Sitting in the middle of a busy Tokyo subway station, it resembles a cross between a phone box and a cupboard. But it is, in fact, a high tech single-person “office” designed for busy Japanese commuters.
The mini smart office, created by the Japanese company Fuji Xerox, aims to tap into a new generation of “teleworkers” who need to work while on the move, with a mix of technology and convenience.
The booths are as compact as they are high-tech: the monochrome spaces measure only 1.6m by 1m and stands just under 2m high, while fixtures are snugly limited to a desk, chair and LCD screen.
Behind the frosted white door, there are free wifi and power outlets while the temperature and humidity are carefully controlled to allow visitors to work in comfort year-round.
Users will be able to reserve the one-person offices online in units of 15 minutes, before unlocking and operating the spaces in the stations using their smartphones.
Tokyo Subway have installed two of the new generation offices in the busy central stations Tameike Sanno and Kita Senju, ahead of a free public pilot test from June to September.
“Fuji Xerox has continually searched for what the next generation office should be, by conducting tests on satellite offices from as early as the 1980s,” Mayuko Tanaka, a spokesperson at Fuji Xerox, told the Telegraph.

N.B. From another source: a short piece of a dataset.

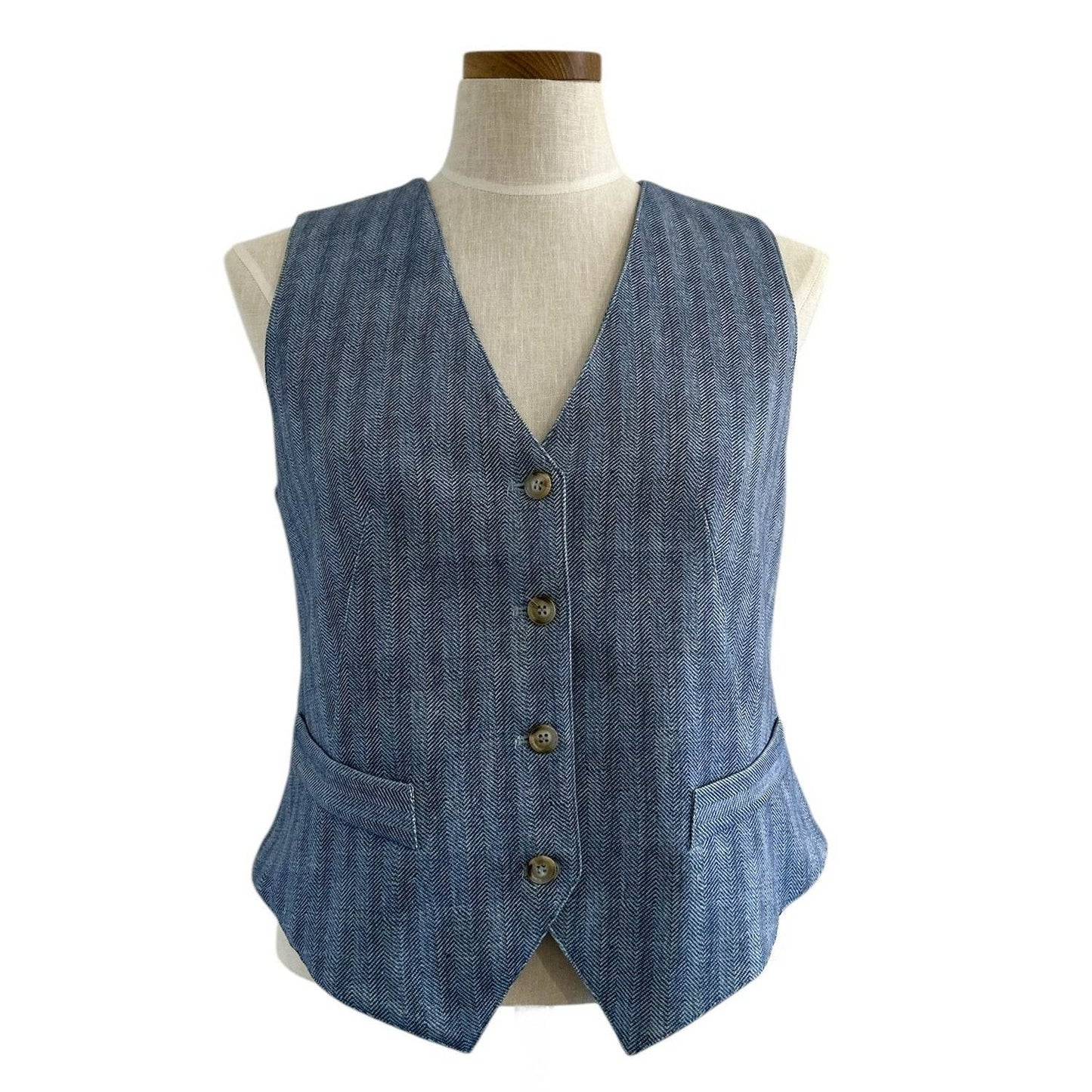 Jersey Vest Blue Herringbone - AQUALTA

“Our technology and know-how – which we have cultivated from developing multifunction printers – has been reflected in the booths set up in these stations. In particular, we can controlling the temperature and humidity inside the booths.
“Our development activities are conducted from a human-centric approach and we will continue to search for ways of providing a better, comfortable working environment.”
It’s perhaps a fitting creation for Tokyo, a sprawling megalopolis where space has long been a luxurious commodity due to its densely packed population.
Tokyo has already excelled at creating cleverly designed small residences – dubbed micro homes – in recent decades, in response to the growing issue of a lack of space plus high property and land prices.